Directions for this task -
The listing below is to be copied in full, line by line.

Given material -
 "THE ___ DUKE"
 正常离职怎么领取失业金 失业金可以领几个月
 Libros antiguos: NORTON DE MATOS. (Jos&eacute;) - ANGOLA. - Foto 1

Finished exercise -
 "THE ___ DUKE"
 正常离职怎么领取失业金 失业金可以领几个月
 Libros antiguos: NORTON DE MATOS. (Jos&eacute;) - ANGOLA. - Foto 1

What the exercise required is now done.